Byas writes about how Evangelicals and theological “progressives” both end up devaluing the Bible and not truly respecting it or being “married” to it. He does a great job of exposing the reductionism of both sides as they use various techniques to keep the Bible at arm’s length so they don’t really have to deal with it as it is. (I’ve written similarly before.)
I remember being part of a very conservative church a few years back in Philadelphia. As I had become closer to one of the elders in particular–a prominent and nationally-known speaker and performer–he watched me as I wrestled with the Bible I knew I loved. He eventually moved on to work at another church in another part of the country, but his parting words to me were clear enough; he said, “Paul, remember: skeptcisim is not a virtue.”
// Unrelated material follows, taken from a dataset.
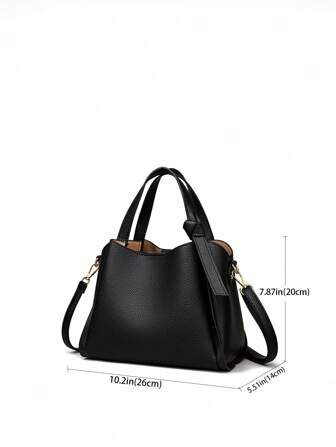 1 件纯色手提水桶包/极简斜挎包，适合女性日常使用，斜挎包，商务休闲女包，非常适合办公室、商务和工作，引人注目的女士工作包，商务休闲女包非常适合办公室商务和工作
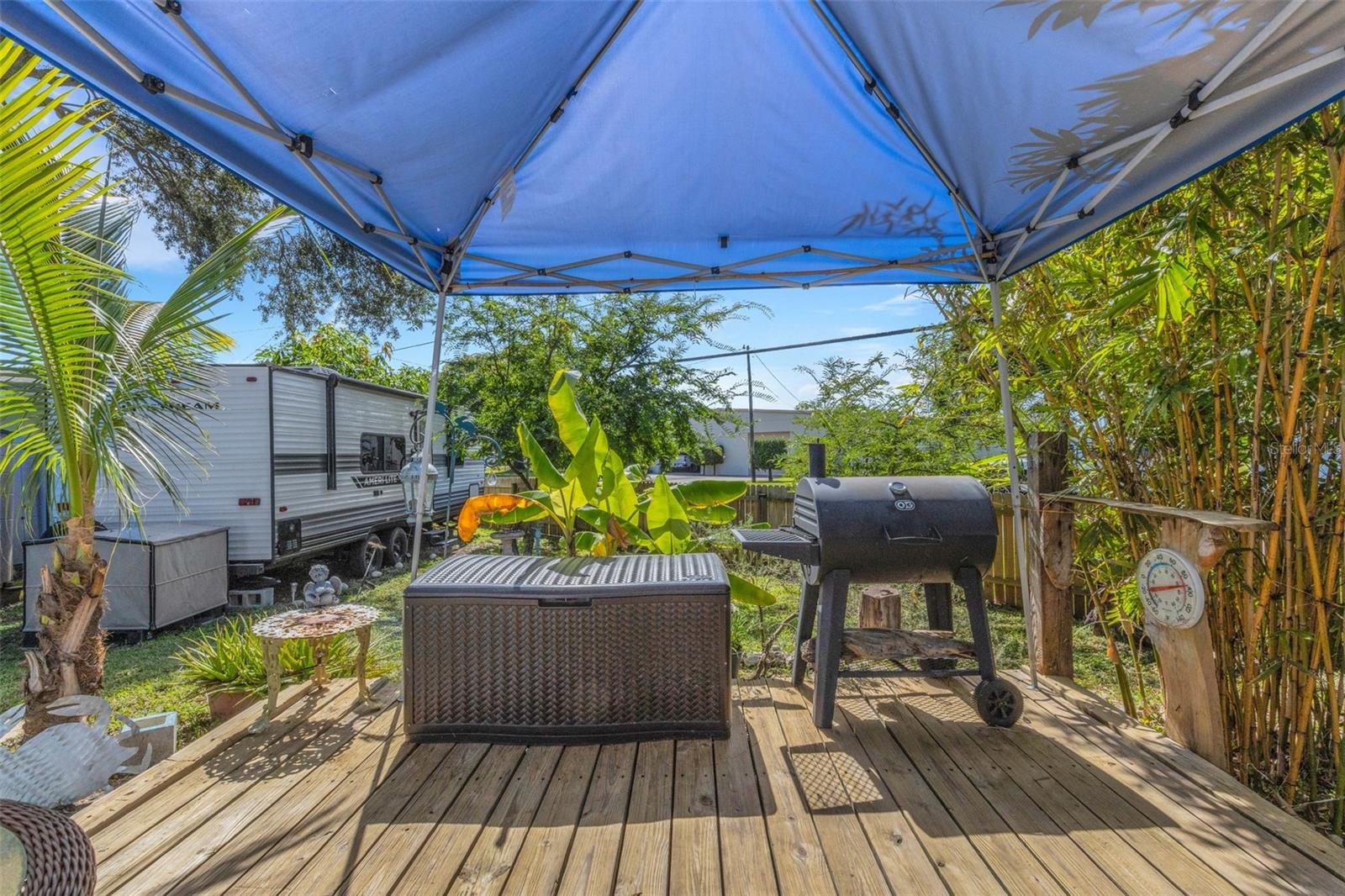 Back Wooden Deck with Cabana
But this “wrestling” with Scripture is not employing skepticism for skepticism’s sake; it more than that. It’s opening yourself up to something (and some One) that might not meet your expectations. But just as any truly healthy relationship, as Byas points out, it’s in this intra-relational difficulty–and the reinforced grace that follows it–that a true strengthening of the relationship is found. It reminds me of this Compline prayer I wrote about on Monday:
O God, by whom the meek are guided in judgment,
and light rises up in darkness for the godly:
Grant us, in all our doubts and uncertainties,
the grace to ask what you would have us to do,
that the Spirit of wisdom may save us from all false choices,
and that in your light we may see light,
and in your straight path may not stumble;
through Jesus Christ our Lord. Amen.
In “all our doubts and uncertainties” about the Bible, we often think we are destined to either naive fundamentalism, or soul-sucking cynicism and progressivism. As the prayer puts it, these are “false choices” that only the Spirit can keep us from.
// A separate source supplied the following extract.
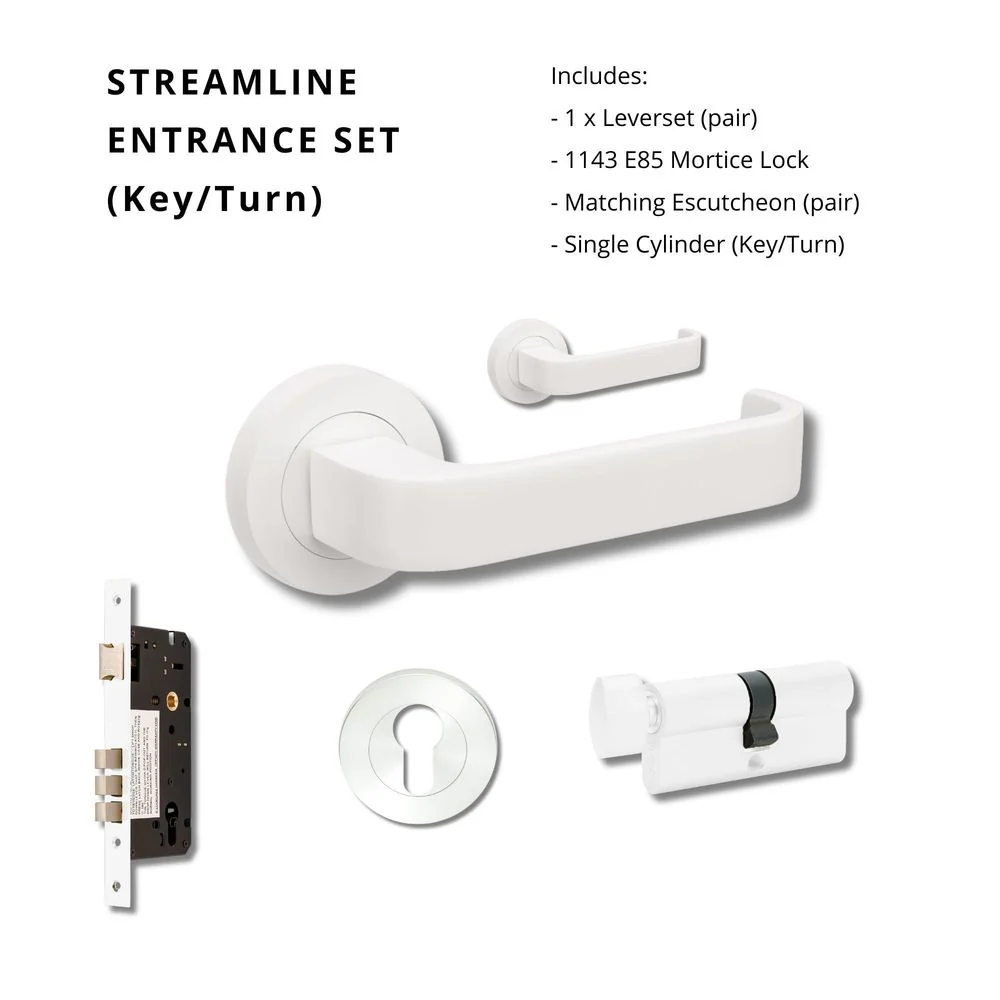 Zanda Streamline Entrance Set Lever Door Handle Matte White - Image 6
Byas writes about taking seriously the “messiness” of Scripture and letting it mess with your head. He reminds us that only those that love Scripture can genuinely be affected by it’s difficulties, rather than simply, on one hand, de-valuing and dismissing it, or, on the other, spending your life trying to resolve all its inexplicable tensions.
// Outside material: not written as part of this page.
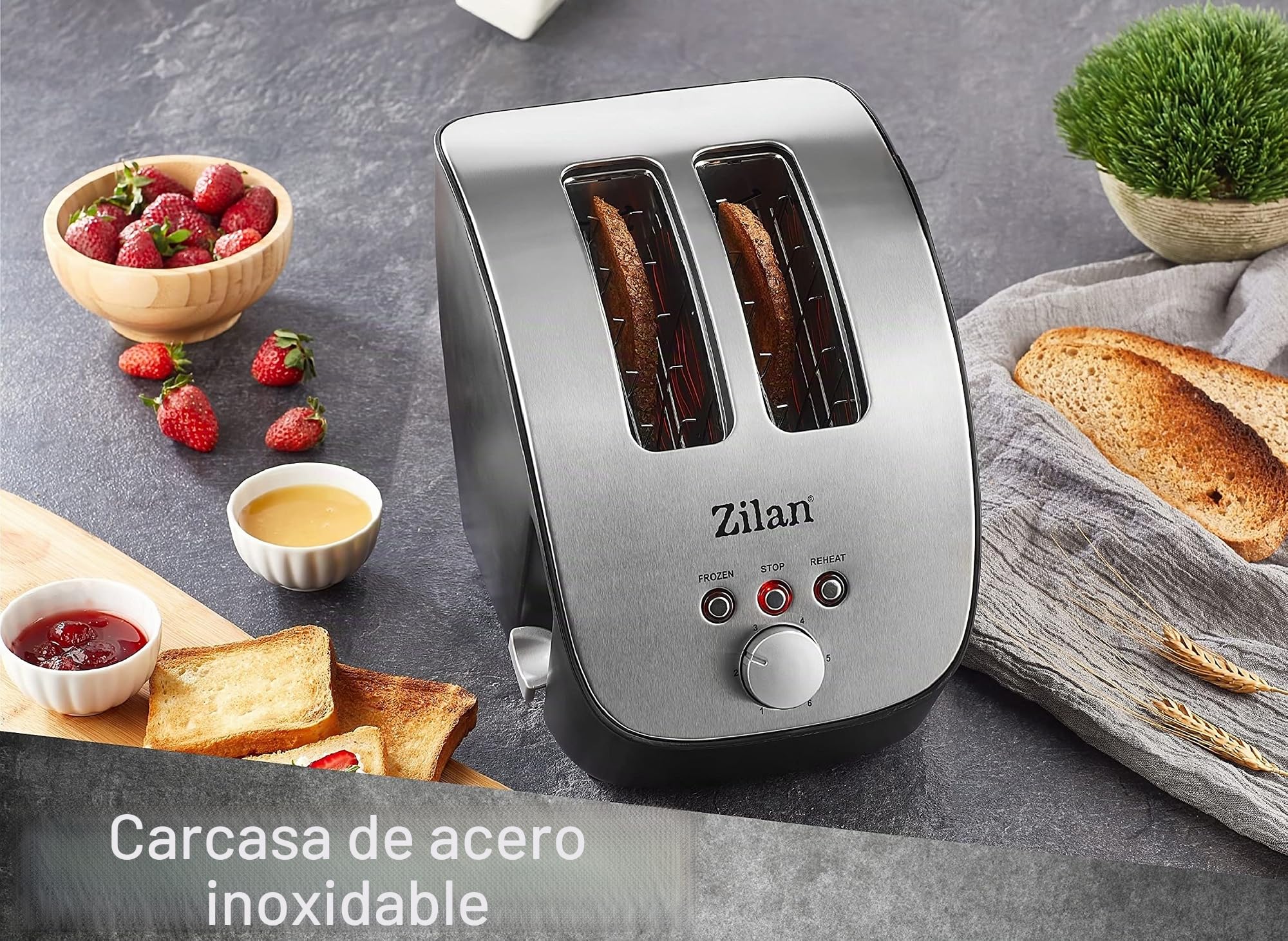 Tostadora con Carcasa de acero inoxidable | 2 rebanadas | Diseño oblicuo | Máquina para tostar | 1000 W | Ajustable sin niveles | INOX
But there’s a catch; and it confounds both of the right-left extremes. We don’t go to Scripture to find–or even form–the sense of authority that we will then ascribe to it. Our allegiance and commitment to the Bible is a presupposition that we bring to the Bible. In Byas’s marriage metaphor, he says:
It is precisely our reverence and intimacy with the text of Scripture that earns us the right to question it and struggle with it. It is not my acquaintances that I confront, question, or struggle with, it is my wife and most intimate friends.
And so, if we are fully anchored in our faith in the God that speaks, then the Bible can be the messy, painful thing it is, and it can shake us, but we won’t be smashed upon the waves. Because our hope, ultimately does not rest in those words on those pages, but beyond them. As the Catholic Catechism puts it:
Still, the Christian faith is not a “religion of the book.” Christianity is the religion of the “Word” of God, a word which is “not a written and mute word, but the Word is incarnate and living”. If the Scriptures are not to remain a dead letter, Christ, the eternal Word of the living God, must, through the Holy Spirit, “open [our] minds to understand the Scriptures.”
If the Word has met us, the Book will be our love–no matter how hard that love might be at times.
Byas concludes the body of his post with a quote that is going to stick with me for a long time. I’ll leave you with it:
I am allowed to dig, question, and perhaps observe the deconstruction, because of my unconditional commitment to the Scriptures as the anchor of my faith, no matter what they say and no matter how much I do not like it, perhaps even no matter how much I disagree with it. Intimacy comes because there is no question of my continued relationship with the text. It will be my anchor no matter how ugly it gets.